2.1 Raising Finance Flashcards
What is capital expenditure?
spending on items that can be used over and over
e.g. machinery, vehicle
What is revenue expenditure?
payments of g/s that have been consumed or will be
e.g wages, raw materials
What is capital in a business?
in terms of finance
money provided by the owners
What is internal finance and the 3 types?
money generated by the business or its curret owners
- owners capital/personal saving
- retained profit
- sales of assets
What is retained profit?
profit after tax
ploughed back into the business
What is sale and leaseback?
selling assets, and leasing them back from the buyer
e.g. selling machinery
What are the advantages of internal finance?
- immediate capital, assets sold quick
- cheap, no interest - not borrowing
- no need to involve third parties
What are the disadvantages of internal finance?
Limited
- not profitable to use retained profits
- dont have assets to sell or need them
not tax-deductable, no inflationary benefits
Opportunity costs
- using retainted profits > reactions of shareholders (dividends)

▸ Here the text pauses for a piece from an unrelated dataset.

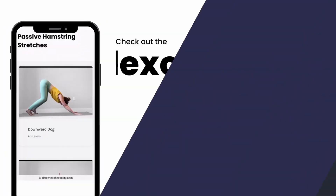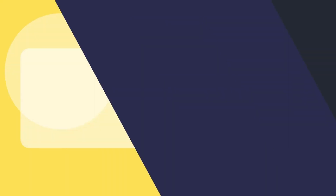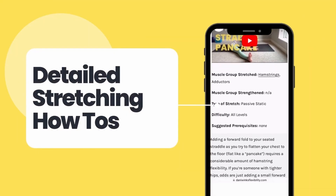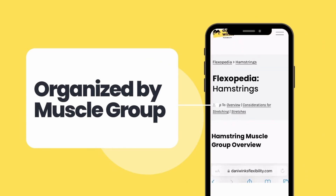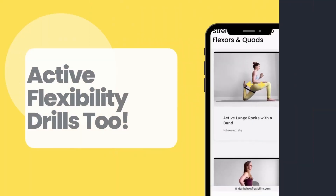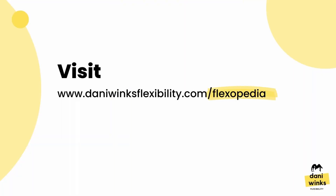If you want to learn more stretches like this, you should totally check out the Flexipedia on my website. It's a free online library of stretches with detailed how-tos for both passive stretches and active stretches, organized by muscle group. You can access the Flexipedia by going to dannywinksflexibility.com or simply click the link in this video description.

- conflict between directors and shareholders
What is external finance?
finance from sources outside the business
family, friends, banks, P2PL
What is an Authorised share capital?
maximum amount of share capital that a company is authorised
What is a captial gain?
profit made from selling a share
What is crowd funding?
when a large number of individuals invest in a business or project
What is a Debenture?
a long-term loan to a business
What is an Issued Share Capital?
the total value of shares that a company has issued to its shareholders
What is a lease?
contract to aquire use of resources such as property or equipment
What is Share Capital?
money introduced to the business through the sale of shares
What is the difference between a secured loan and an unsecured loan?

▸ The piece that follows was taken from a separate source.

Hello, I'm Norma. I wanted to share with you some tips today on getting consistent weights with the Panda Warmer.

secured - lender has protection if borrower doesnt repay
unsecured - lender has no protection
What is a Venture Capitalist?
provides funds for small businesses that may be too risky for other investors
What are the advantages and disadvantages of a venture capitalist?
Advantage:
- specialists, can help grow business by providing info
- no interest - not borrowing any money
- Money introduced into the business
Disadvantages:
- will take a share of the company
- loss of control - decisions
What is a trade-credit?
paying at a later date. interest free
What is a limited liability?
legal status that means that shareholders can only loose the original amount they invested
What is unlimited liability?
business owners are liable for all business debts
What is collateral?
assets that can be sold to pay lender if loan is not repaid
What are the implications of unlimited liability
Exposed financially to failure of business
- owing to banks, suppliers, tax
- pay debts through personal resources
Financially liable if sued
- need money to settle suits
- pay through personal assets
What are the implications of limited liability?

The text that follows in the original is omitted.